Differences in regulation applicable to the Beijing Stock Exchange, the ChiNext Market and the STAR Board 

   The rules and regulations regarding companies listed on the Beijing Stock Exchange, the ChiNext Market and the STAR Board are less stringent in terms of profitability and share capital than those in the main boards of the SSE and the SZSE.

Delisting risk

   It may be more common and faster for companies listed on the Beijing Stock Exchange, the ChiNext Market and/or the STAR Board to delist. This may have an adverse impact on the Sub-Fund if the companies that it invests in are delisted.
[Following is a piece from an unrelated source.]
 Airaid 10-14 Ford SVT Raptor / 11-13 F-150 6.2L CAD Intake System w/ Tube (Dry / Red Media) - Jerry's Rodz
Risk associated with transfer of listing for stocks listed on Beijing Stock Exchange

   A company listed on the Beijing Stock Exchange in which the Sub-Fund invests may apply for transfer of listing to the ChiNext market of the SZSE or the STAR Board of the SSE, if permitted by the applicable laws and regulations, subject to meeting the listing requirements of the CSRC and the SSE or SZSE (as the case may be). The application for transfer of listing will be subject to the review and approval by SSE or SZSE (as the case may be). The application for transfer of listing, whether successful or not, may cause fluctuations in the price of the relevant stock, and hence the NAV of the Sub-Fund..
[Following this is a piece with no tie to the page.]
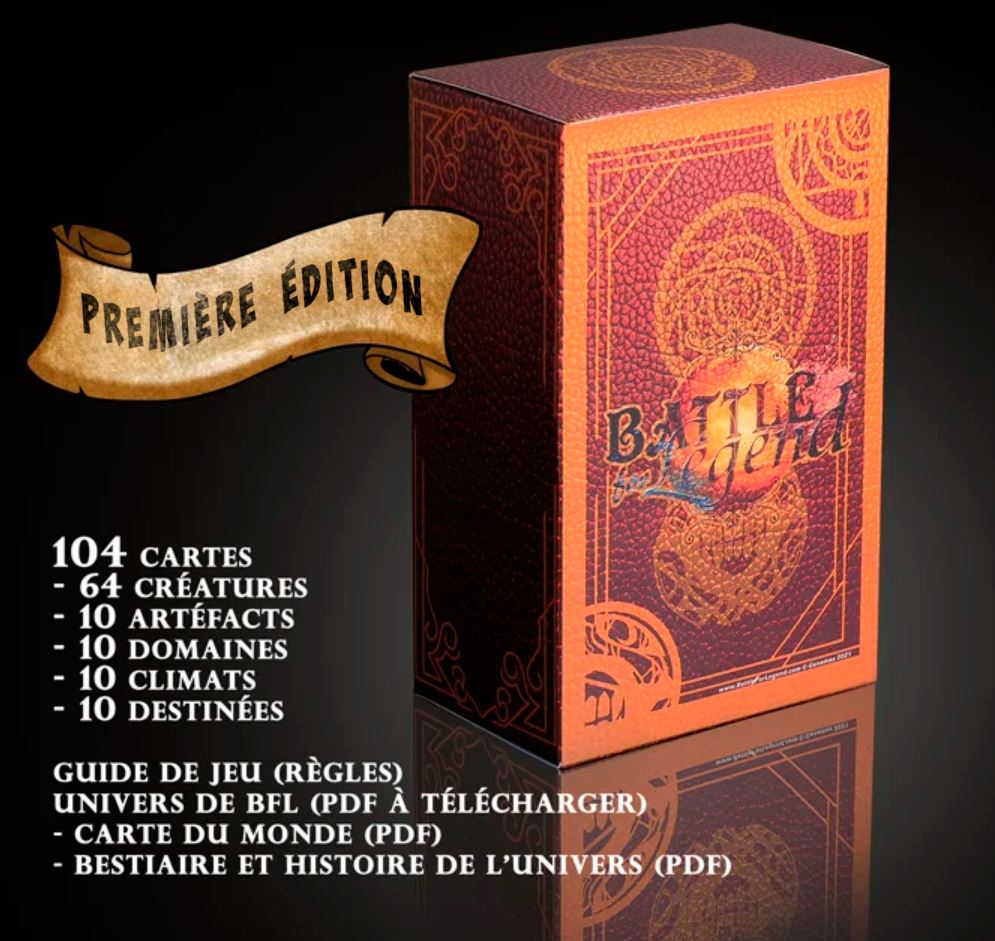 Jeu Battle for Legend - Première Édition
Concentration risk applicable to the Beijing Stock Exchange and the STAR Board

   The Beijing Stock Exchange and the STAR Board are newly established and may have a limited number of listed companies during the initial stage. Investments in the Beijing Stock Exchange and the STAR Board may be concentrated in a small number of stocks and subject the Sub-Fund to higher concentration risk..

 

8.  Risks associated with investment made through the QFI regime

   The Sub-Funds ability to make the relevant investments or to fully implement or pursue its investment objective and strategy is subject to the applicable laws, rules and regulations (including restrictions on investments and repatriation of principal and profits) in the PRC, which are subject to change and such change may have potential retrospective effect.

   The Sub-Fund may suffer substantial losses if the approval of the QFI status of the QFI Holder is being revoked/terminated or otherwise invalidated as the Sub-Fund may be prohibited from trading of relevant securities and repatriation of the Sub-Funds monies, or if any of the key operators or parties (including QFI custodian/broker) is bankrupt/in default and/or is disqualified from performing its obligations (including execution or settlement of any transaction or transfer of monies or securities).

 

9.  Risks associated with the Stock Connect

   The relevant rules and regulations on the Stock Connect are subject to change which may have potential retrospective effect. The Stock Connect is subject to quota limitations. Where a suspension in the trading through the programme is effected, the Sub-Funds ability to invest in China A-shares or access the PRC market through the programme will be adversely affected. In such event, the Sub-Funds ability to achieve its investment objective could be negatively affected.

 

10.  Mainland China Tax Risk

   There are risks and uncertainties associated with the current Mainland China tax laws, regulations and practice in respect of the Sub-Funds investment in Mainland China. It should also be noted that there is a possibility of Mainland China tax rules being changed and taxes being applied retrospectively. Any increased tax liabilities on the Sub-Fund may adversely affect the Sub-Funds value.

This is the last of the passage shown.